--- Records for the exercise ---
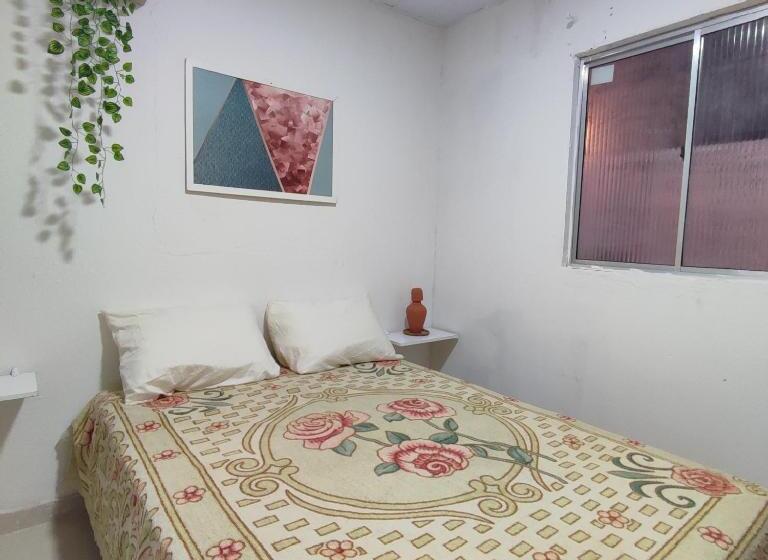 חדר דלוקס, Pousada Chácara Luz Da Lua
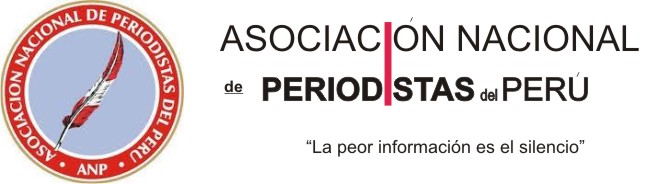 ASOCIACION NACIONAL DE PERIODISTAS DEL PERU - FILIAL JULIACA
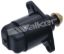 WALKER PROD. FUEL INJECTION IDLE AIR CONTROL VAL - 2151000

==

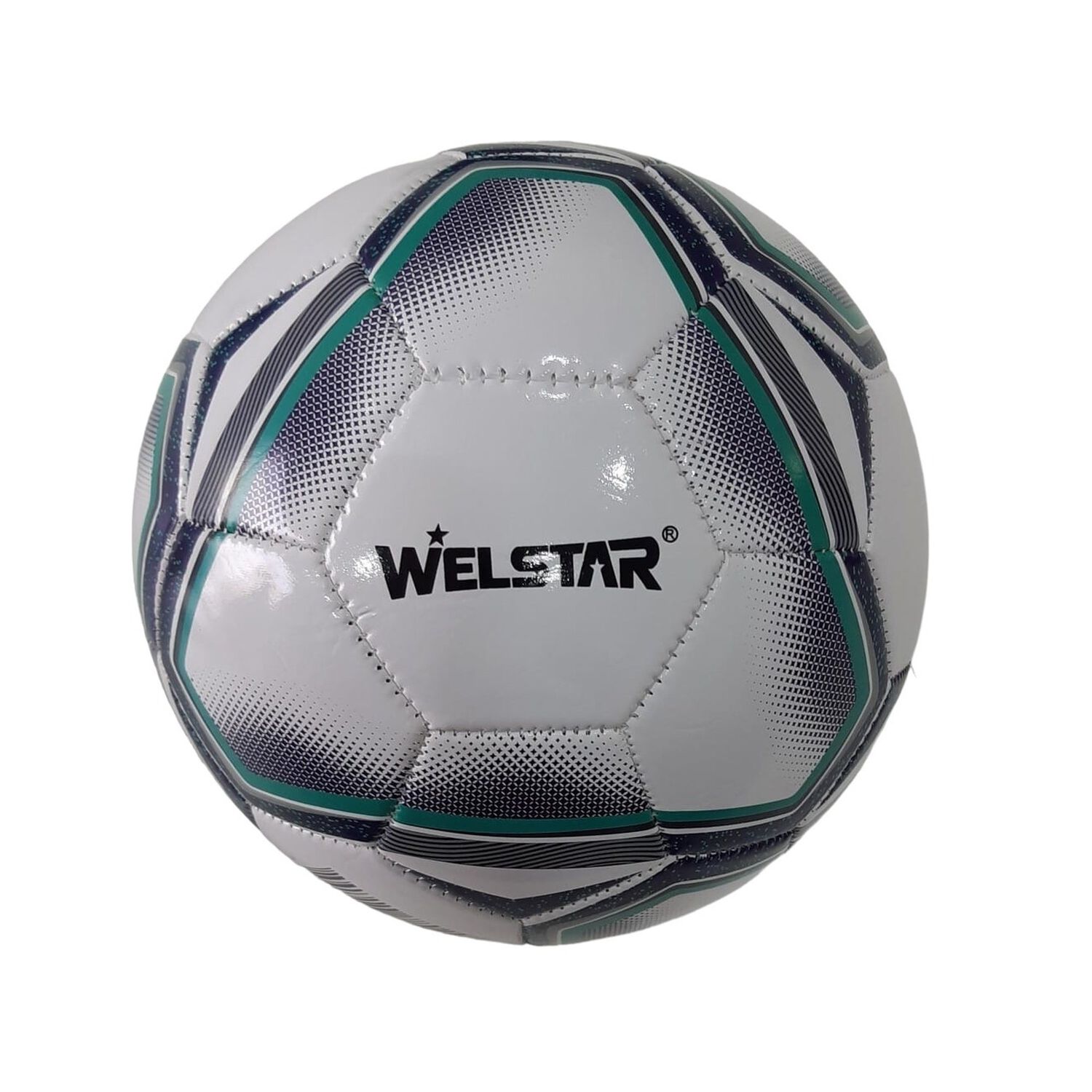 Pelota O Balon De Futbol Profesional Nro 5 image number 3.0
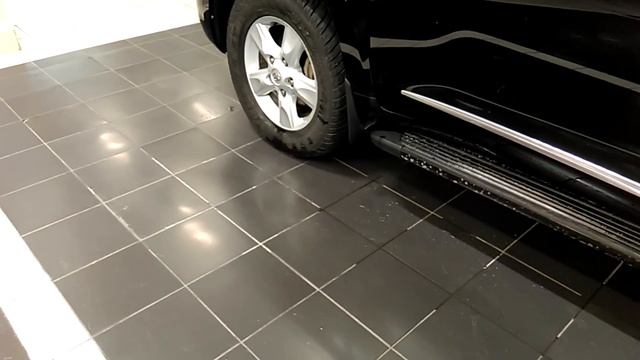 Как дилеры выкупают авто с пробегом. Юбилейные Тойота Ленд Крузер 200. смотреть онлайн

--- What you have to do ---
In the entries above, find the line with "חדר דלוקס, Pousada Chácara Luz Da Lua" and the line with "WALKER PROD. FUEL". Return exactly those lines and all the ones between them, pictures excluded.

--- The answer ---
 חדר דלוקס, Pousada Chácara Luz Da Lua
 ASOCIACION NACIONAL DE PERIODISTAS DEL PERU - FILIAL JULIACA
 WALKER PROD. FUEL INJECTION IDLE AIR CONTROL VAL - 2151000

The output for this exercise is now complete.